Sticky Fingers

A prompt to encourage your practice of creativity this week from Riversider and local author Larry Burns.

Sticky Fingers
(Ben Kolde / Unsplash)

Greetings, fellow DIY enthusiasts! Last week, we turned our attention to a dripping faucet by listening closely, catching what we could, or just accepting that jiggling the handle counts as problem-solving…or at least a form of performance art. If you clocked in for a few minutes with that drip, redirecting frustration into attention, welcome back. Your attention to attention is what a creative person (that’s YOU) needs to survive in our high tech, over-caffeinated world. 

This week’s creative nudge lives between you and everything else: the screen smudge.

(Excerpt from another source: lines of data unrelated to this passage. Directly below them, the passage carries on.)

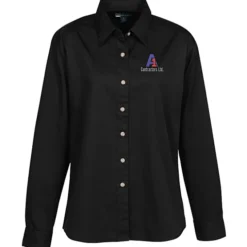 Blue Generation LS Stain-Resistant Twill Shirt - Ladies'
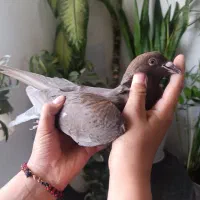 کفتر|پرنده|جلگه رخ, |دیوار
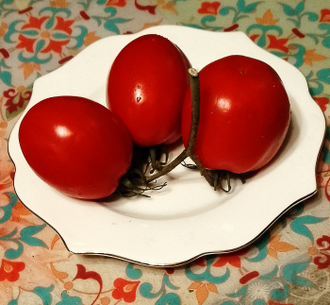 Семена томата Балет Мелани Гном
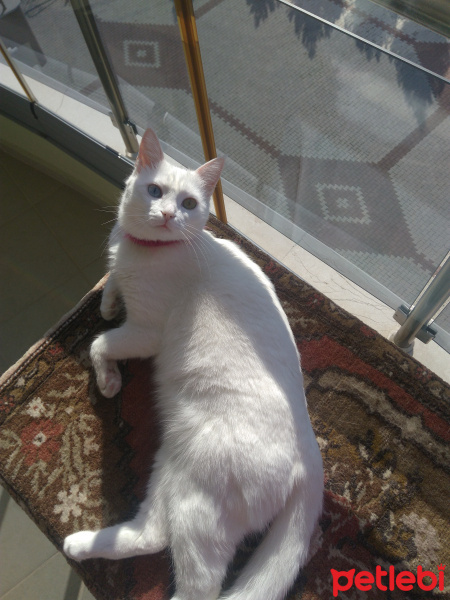 Van Kedisi, Kedi  İnci fotoğrafı
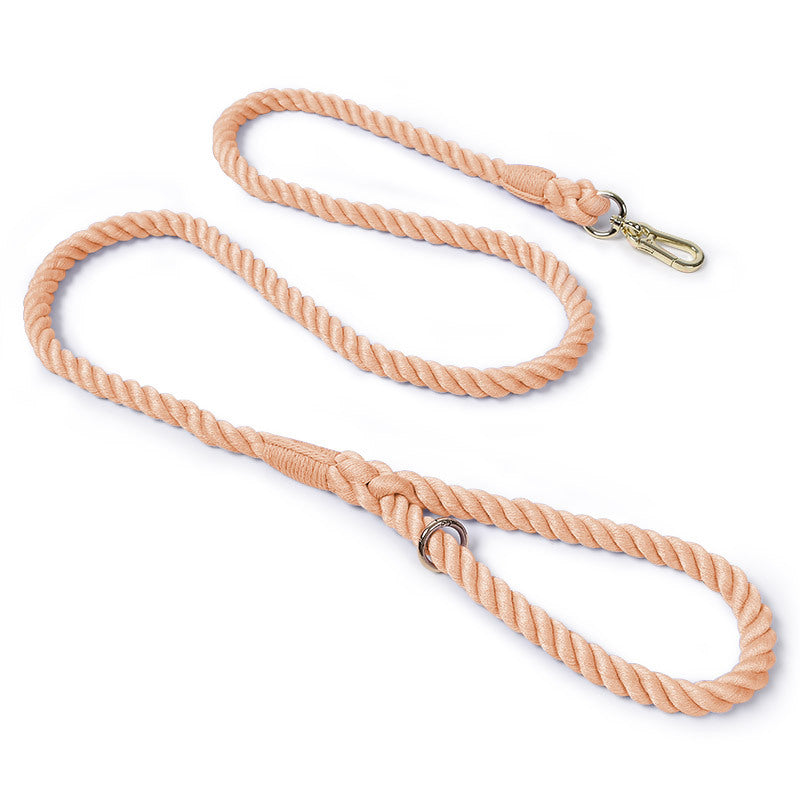 Woven rainbow dog lead with gold coloured clip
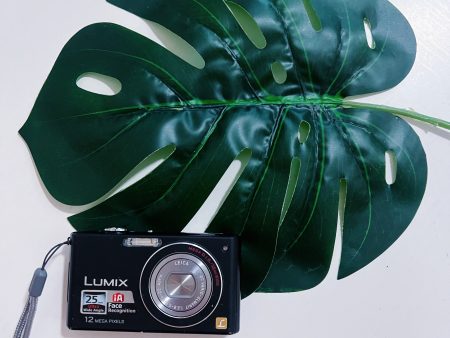 Panasonic Lumix DMC-FX40 For Cheap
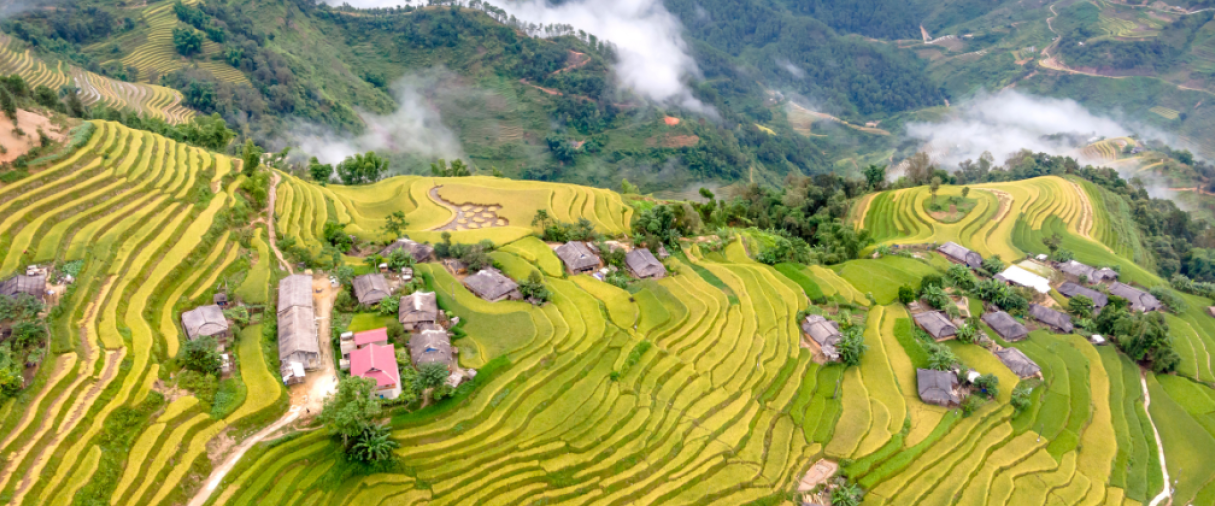 Ceļojumu piedāvājumi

You know the one. That cloudy streaks on your phone. The soft palm-print on your laptop. The mysterious blur on the television that makes you wonder whether you need a new screen or new eyes. Is this technology failing, or am I?

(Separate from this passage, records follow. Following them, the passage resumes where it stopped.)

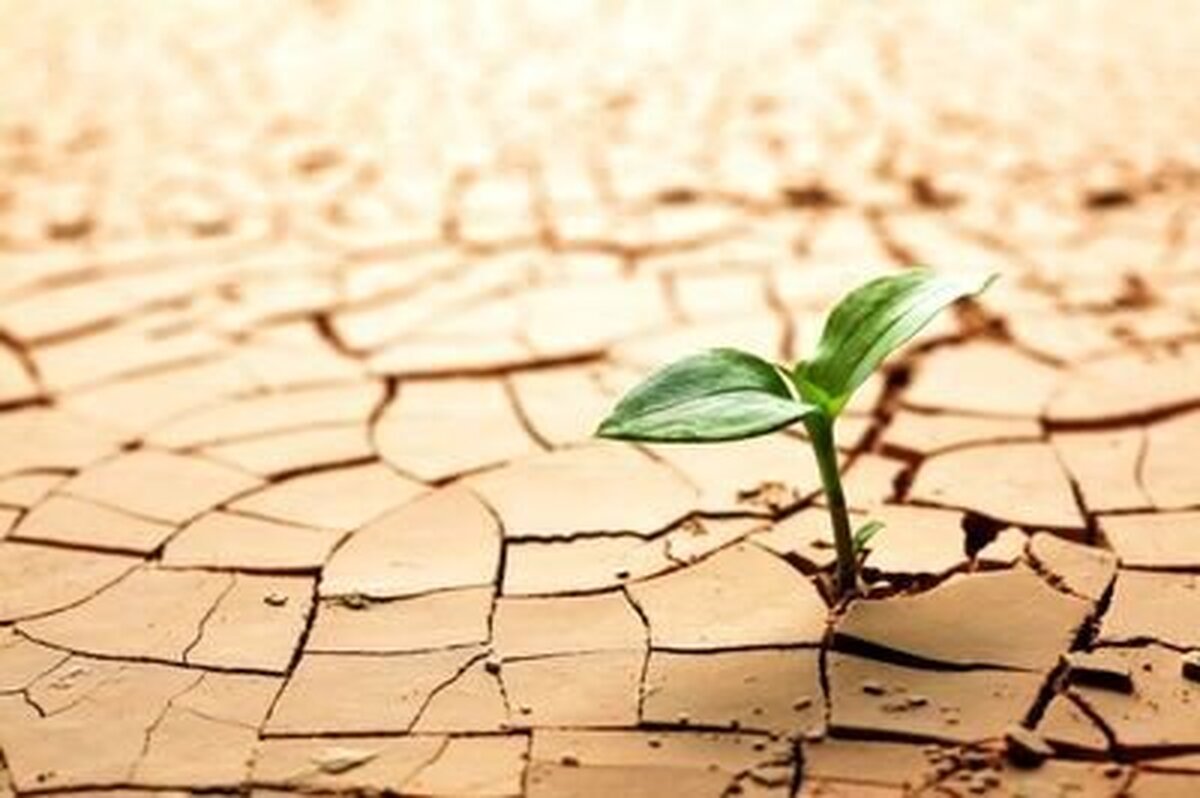 بحران کم آبی در استان البرز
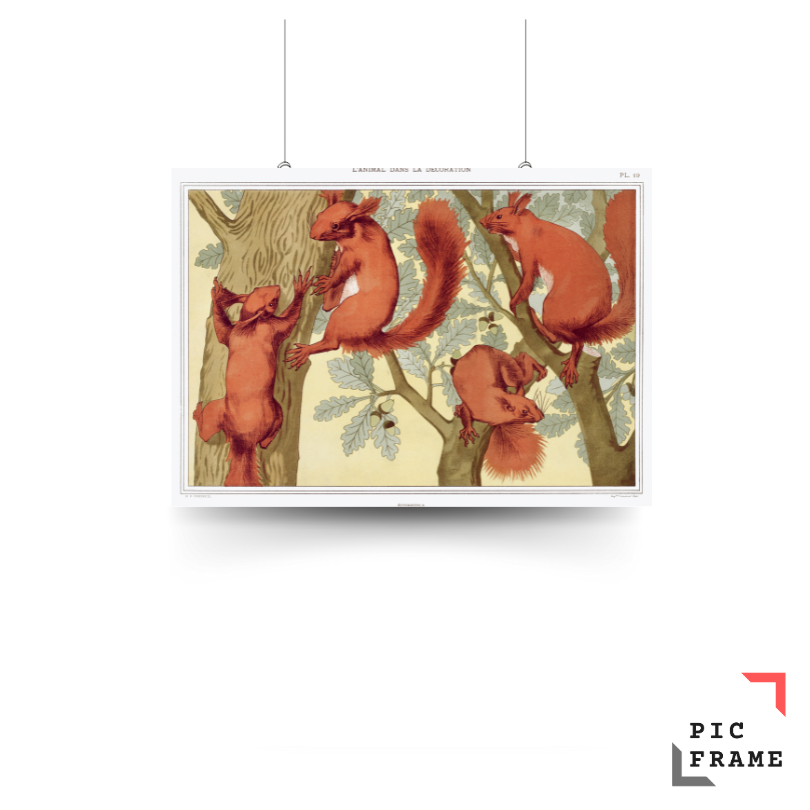 Écureuils from L_animal dans la décoration (1897) illustrated by Maurice Pillard Verneuil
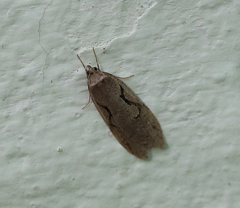 Semioscopis steinkellneriana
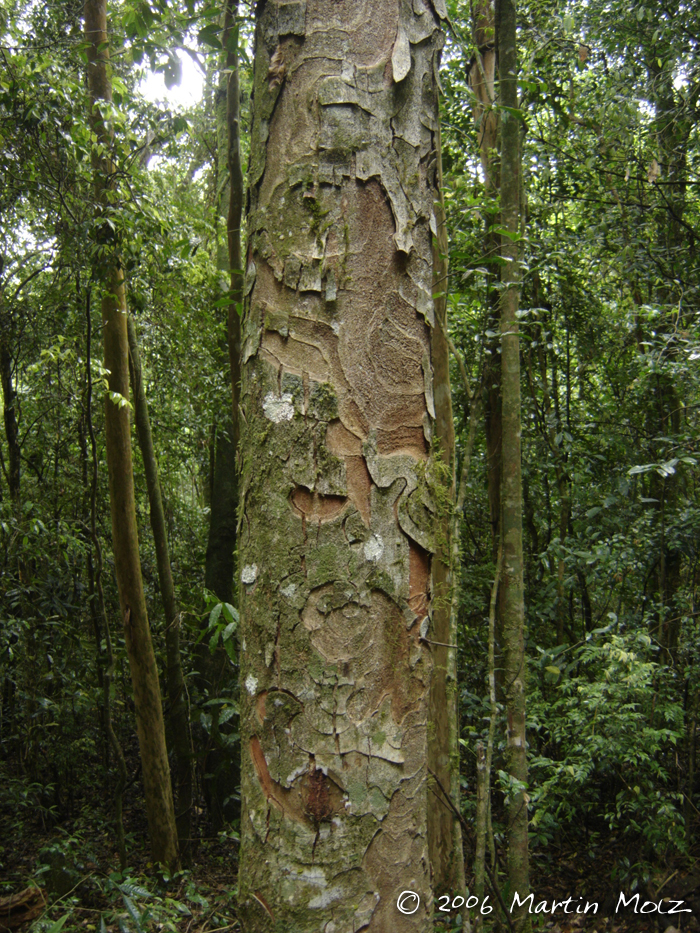 Apuleia leiocarpa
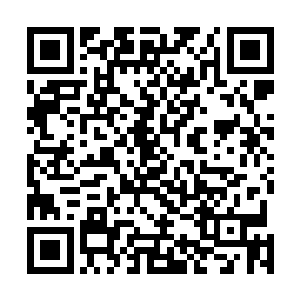 这里就是东方星卫视一年一度的元旦跨年歌会的彩排现场二维码生成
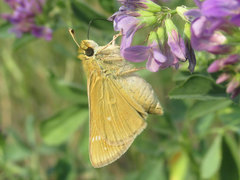 Hesperia leonardus pawnee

I have this thought more often than I’d like to admit. Am I due for a new television, or do I need to tidy up? Is this laptop display failing, or are my eyes tired? Is the movie poorly shot, or am I looking at it through a layer of fingerprints, dust, and snacks?

Screen smudges live in that uncomfortable middle space between object and observer. They are not glitches in the software. They are not failures of design. They are the inevitable residue of human contact—link clicking, doom scrolling, nose prints from leaning too close in moments of YouTube mesmerizing. They are proof that bodies are still involved in this supposedly frictionless digital world.

Here’s how I negotiate this issue. I tilt my head. I squint. I wipe the screen with a part of my T-shirt, making things worse. Or I ignore it because I’m not sure what the problem actually is. Plus, the lens cloth is in an entirely different room! The smudge begs a philosophical question: is this an upgrade issue, a maintenance issue, or a self-care issue?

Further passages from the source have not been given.